Viele Risikofaktoren scheinen also etwas gemeinsam zu haben. Eine Grundaktivierung des Immunsystems, die zum einen dazu führt, dass der Virus nicht effektiv abgetötet wird und gleichzeitig eine massive, gewebe-schädigende Immunantwort begünstigt. Die erhöhte Entzündungsreaktion im Körper kann dabei nicht nur die Sterblichkeit beeinflussen, sondern auch Langzeitfolgen (Long-Covid) begünstigen.

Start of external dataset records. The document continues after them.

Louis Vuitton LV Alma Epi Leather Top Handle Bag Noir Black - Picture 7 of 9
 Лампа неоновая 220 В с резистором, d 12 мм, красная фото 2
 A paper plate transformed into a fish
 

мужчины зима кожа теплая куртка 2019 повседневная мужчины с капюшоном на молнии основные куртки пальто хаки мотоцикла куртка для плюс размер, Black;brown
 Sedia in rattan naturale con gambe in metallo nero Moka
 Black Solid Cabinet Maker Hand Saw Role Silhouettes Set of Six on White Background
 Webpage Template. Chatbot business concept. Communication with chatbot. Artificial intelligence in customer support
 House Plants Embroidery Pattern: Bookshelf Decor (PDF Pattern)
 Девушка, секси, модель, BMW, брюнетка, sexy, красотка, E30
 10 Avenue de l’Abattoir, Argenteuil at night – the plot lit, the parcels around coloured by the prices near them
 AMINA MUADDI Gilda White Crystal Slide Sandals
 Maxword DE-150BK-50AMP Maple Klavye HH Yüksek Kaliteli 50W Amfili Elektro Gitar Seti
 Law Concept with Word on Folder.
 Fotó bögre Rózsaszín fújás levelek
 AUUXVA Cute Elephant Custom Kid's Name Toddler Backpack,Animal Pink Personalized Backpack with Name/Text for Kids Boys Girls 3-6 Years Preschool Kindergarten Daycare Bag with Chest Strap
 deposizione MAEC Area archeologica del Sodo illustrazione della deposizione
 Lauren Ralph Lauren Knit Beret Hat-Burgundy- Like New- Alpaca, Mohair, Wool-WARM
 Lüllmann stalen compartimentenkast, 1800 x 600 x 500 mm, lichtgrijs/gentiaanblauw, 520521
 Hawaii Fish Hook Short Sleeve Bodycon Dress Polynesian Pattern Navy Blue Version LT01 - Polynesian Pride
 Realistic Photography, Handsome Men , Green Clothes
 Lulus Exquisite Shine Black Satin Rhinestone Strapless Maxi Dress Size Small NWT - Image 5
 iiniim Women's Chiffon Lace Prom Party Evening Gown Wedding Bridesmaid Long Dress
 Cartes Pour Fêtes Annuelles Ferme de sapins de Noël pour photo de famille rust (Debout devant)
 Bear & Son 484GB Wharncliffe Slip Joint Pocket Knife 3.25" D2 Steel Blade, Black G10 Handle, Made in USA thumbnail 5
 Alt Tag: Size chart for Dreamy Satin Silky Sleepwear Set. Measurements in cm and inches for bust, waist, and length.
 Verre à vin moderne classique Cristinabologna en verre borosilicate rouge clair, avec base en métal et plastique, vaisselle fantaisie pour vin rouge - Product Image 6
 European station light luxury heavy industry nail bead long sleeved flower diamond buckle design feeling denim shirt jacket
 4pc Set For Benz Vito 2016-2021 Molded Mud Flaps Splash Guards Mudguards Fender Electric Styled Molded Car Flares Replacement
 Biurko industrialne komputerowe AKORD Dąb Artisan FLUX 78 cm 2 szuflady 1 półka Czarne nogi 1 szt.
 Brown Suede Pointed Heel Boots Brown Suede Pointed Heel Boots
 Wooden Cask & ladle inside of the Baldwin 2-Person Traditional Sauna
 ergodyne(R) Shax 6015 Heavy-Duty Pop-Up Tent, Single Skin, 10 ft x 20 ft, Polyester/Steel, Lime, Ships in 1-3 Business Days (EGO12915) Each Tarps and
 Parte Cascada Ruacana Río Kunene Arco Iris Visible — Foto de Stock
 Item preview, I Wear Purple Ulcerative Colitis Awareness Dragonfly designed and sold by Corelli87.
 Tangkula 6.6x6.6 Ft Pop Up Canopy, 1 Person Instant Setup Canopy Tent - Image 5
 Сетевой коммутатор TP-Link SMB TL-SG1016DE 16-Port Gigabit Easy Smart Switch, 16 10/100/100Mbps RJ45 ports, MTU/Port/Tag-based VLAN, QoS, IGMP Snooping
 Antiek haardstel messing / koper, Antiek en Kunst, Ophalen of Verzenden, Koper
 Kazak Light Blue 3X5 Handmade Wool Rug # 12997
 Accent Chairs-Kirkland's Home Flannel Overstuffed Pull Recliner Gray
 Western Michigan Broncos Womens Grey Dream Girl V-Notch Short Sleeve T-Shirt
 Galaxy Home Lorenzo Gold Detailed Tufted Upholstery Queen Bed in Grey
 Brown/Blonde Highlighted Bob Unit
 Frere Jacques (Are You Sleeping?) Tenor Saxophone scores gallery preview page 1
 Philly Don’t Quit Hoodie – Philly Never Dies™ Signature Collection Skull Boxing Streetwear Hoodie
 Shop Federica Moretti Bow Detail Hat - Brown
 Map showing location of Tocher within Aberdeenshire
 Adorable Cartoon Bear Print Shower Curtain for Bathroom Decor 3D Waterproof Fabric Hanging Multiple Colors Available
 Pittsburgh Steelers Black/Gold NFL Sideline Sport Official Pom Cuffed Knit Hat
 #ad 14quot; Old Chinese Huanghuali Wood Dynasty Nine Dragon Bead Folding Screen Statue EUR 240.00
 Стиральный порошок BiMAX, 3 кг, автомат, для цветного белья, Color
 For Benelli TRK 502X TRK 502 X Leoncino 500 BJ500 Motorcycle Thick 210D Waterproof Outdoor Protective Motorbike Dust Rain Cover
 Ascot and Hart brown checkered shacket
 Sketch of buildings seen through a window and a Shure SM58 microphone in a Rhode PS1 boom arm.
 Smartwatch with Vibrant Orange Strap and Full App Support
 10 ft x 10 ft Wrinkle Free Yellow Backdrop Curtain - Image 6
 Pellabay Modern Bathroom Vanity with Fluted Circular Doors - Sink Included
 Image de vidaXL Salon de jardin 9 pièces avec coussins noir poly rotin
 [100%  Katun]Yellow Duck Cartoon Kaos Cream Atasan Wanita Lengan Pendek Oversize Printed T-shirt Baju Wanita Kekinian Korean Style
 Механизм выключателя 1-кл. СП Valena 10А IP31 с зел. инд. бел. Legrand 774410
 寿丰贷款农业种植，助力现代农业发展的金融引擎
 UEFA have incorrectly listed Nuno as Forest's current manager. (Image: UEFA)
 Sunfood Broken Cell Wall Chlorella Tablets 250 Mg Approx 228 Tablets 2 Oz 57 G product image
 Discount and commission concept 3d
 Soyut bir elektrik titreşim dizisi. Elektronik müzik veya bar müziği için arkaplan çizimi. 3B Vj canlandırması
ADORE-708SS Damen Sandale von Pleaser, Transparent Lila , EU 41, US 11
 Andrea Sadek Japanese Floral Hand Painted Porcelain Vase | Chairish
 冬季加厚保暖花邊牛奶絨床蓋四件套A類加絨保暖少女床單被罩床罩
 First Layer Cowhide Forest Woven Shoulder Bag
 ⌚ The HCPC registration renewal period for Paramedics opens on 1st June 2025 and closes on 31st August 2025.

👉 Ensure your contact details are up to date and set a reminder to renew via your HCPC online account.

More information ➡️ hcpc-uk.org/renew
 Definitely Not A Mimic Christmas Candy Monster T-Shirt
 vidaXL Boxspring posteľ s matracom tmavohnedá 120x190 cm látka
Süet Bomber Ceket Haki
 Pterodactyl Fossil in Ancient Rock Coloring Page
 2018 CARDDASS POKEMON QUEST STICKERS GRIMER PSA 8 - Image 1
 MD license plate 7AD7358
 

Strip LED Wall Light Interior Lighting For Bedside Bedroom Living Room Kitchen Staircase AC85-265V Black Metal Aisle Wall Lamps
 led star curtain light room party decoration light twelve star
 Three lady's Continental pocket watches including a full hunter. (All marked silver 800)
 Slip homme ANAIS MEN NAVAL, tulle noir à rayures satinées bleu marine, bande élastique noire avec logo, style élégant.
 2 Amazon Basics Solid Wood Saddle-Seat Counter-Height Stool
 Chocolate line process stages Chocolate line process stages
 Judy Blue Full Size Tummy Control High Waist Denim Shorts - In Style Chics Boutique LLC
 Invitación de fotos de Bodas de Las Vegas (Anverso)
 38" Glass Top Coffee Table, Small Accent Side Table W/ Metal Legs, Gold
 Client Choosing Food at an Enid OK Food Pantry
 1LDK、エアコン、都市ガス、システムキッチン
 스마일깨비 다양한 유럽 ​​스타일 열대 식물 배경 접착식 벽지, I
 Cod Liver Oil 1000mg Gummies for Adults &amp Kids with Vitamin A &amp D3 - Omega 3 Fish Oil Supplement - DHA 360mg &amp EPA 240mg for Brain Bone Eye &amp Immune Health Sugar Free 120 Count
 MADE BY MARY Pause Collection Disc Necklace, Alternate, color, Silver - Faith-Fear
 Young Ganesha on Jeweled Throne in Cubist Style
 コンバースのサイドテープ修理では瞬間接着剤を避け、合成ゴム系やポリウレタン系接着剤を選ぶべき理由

Es wird zunehmend von Langzeitschäden berichtet, die ursächlich dem Immunsystem zugeschrieben werden. Es scheint als würde SARS-CoV-2 Autoimmunität verursachen. So werden Thrombosen – auch nach milden Verläufen – der Bildung von auto-immun Antikörpern zugeschrieben. Die Bildung solcher, den eigenen Körper angreifenden, Antikörpern nach Infektionen ist nicht selten. Die starke Aktivierung des Immunsystems durch einen Virus ist dabei sehr zuträglich. Es erlaubt autoreaktiven Immunzellen, die sonst blockiert werden, aktiviert zu werden und den eigenen Körper angreifen. Mehrere aktuelle Studien haben zudem gezeigt, dass autoreaktive Antikörper gegen Immunmodulatoren gerichtet sein können und zu einem schweren Krankheitsverlauf beitragen können.

Fazit

Aktivierung des Immunsystems scheint über viele Risikogruppen hinweg ein Problem im Verlauf von Covid-19 zu sein. Warum inhibieren wir dann nicht das Immunsystem? Weil wir es brauchen um SARS-CoV-2 und andere Krankheitserreger zu bekämpfen. Das unspezifische Blockieren des Immunsystems (anti-viral und entzündlich) ist daher nicht zielführend oder erfolgversprechend. Es gibt aber interessante Pre-print Studien zum Thema – so hat eine Gruppe in England schwer an Covid-19 erkrankten Personen (beatmet auf der Intensivstation) IL-6 blockierende Antikörper (Tocilizumab and Sarilumab) verabreicht. Im Vergleich zur Placebo-Gruppe konnten beide Mittel die Sterblichkeit erheblich von 35% auf 28% bzw. 22% senken. Eine Therapie, die in schweren Fällen auf eine gezielte Abmilderung der entzündlichen Immunantwort abzielt, ist daher durchaus denkbar.